Highlights of the agreement include:

  • The Medical Examiner’s Office would remain a statutory department of Wayne County government with oversight responsibilities remaining with the county medical examiner, who is appointed by the county. The county’s American Board of Pathology-certified pathologists, including Medical Examiner Dr. Carl Schmidt, would become U-M employees. Wayne County would continue to employ other employees, including forensic investigators, autopsy technicians and clerical staff.
  • The combined staff would support the case volume in the southeast Michigan region while achieving and maintaining accreditation from the National Association of Medical Examiners. Since 2009, U-M has provided services to Washtenaw County under a similar agreement, conducting about 250 autopsies per year. Wayne County’s contract to provide forensic services to Monroe County would also continue.
  • Wayne County would save about $1.5 million over the three-year contract through shared resources and economies of scale. Savings would be created by sharing staffing coverage between the U-M and Wayne County offices; expanding forensic fellowship and pathology residency programs; combining laboratory testing; and utilizing U-M’s on-site histology (tissue examination) capabilities.
  • Toxicology services currently performed at the county’s lab would shift to an independent facility that U-M currently uses. Microscopic tissue analysis would be conducted at U-M.
  • Wayne County would continue to provide training opportunities for medical students and residents from the Detroit Medical Center, Wayne State University, William Beaumont Hospital, Henry Ford Hospital and St. John Hospital.
  • The nationally recognized U-M Department of Pathology would receive additional training and academic opportunities in forensic pathology at a time when there is a national shortage of qualified forensic pathologists.

The agreement would require five of the 31 employees at the Wayne County Medical Examiner’s Office to be laid off. However, three of the five employees will continue employment with Wayne County government and one will retire.

Under terms of the agreement, all forensic examinations and academic training would be conducted in an open, transparent manner in accordance with guidelines set out by the National Association of Medical Examiners, state and federal law, and the University’s internal oversight bodies.

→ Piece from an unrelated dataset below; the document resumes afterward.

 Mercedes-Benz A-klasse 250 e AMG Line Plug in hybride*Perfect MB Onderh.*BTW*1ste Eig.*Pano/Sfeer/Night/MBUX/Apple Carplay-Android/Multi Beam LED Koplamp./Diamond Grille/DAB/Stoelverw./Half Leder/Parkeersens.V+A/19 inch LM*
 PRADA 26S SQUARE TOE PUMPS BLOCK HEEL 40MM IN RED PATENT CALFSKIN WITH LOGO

The U-M Health System also works in partnership with many other medical and research institutions around the state, including providing emergency department staffing at Hurley Medical Center in Flint; offering radiation therapy services in cities such as Lansing and Jackson, and leading multi-hospital projects to improve heart, cancer and surgical care for patients from Detroit to Grand Rapids.

“We would welcome this opportunity to collaborate with Wayne County to provide this critical public service,” says Jeffrey Jentzen, M.D., Ph.D., director of autopsy and forensic services at U-M. “We are committed to working together to deliver the best possible service to Wayne County residents.”

Terminology guide:

Medical fellow: A medical fellow is a doctor who is undertaking a post-residency training in a specialty like forensic pathology.

Medical resident: A resident is a doctor who has received their medical degree and who is practicing medicine under the supervision of fully licensed physicians.

Medical examiner: In Michigan, each county commission appoints a medical examiner, who is charged with investigating and determining the cause of unexpected and violent deaths. MEs are appointed for four-year terms.

Morgue: ‘Morgue’ is not an accurate synonym for ‘Medical Examiner’s Office.’ A morgue is a physical space used to cool and store bodies prior to autopsy and/or final disposition by burial, cremation, etc.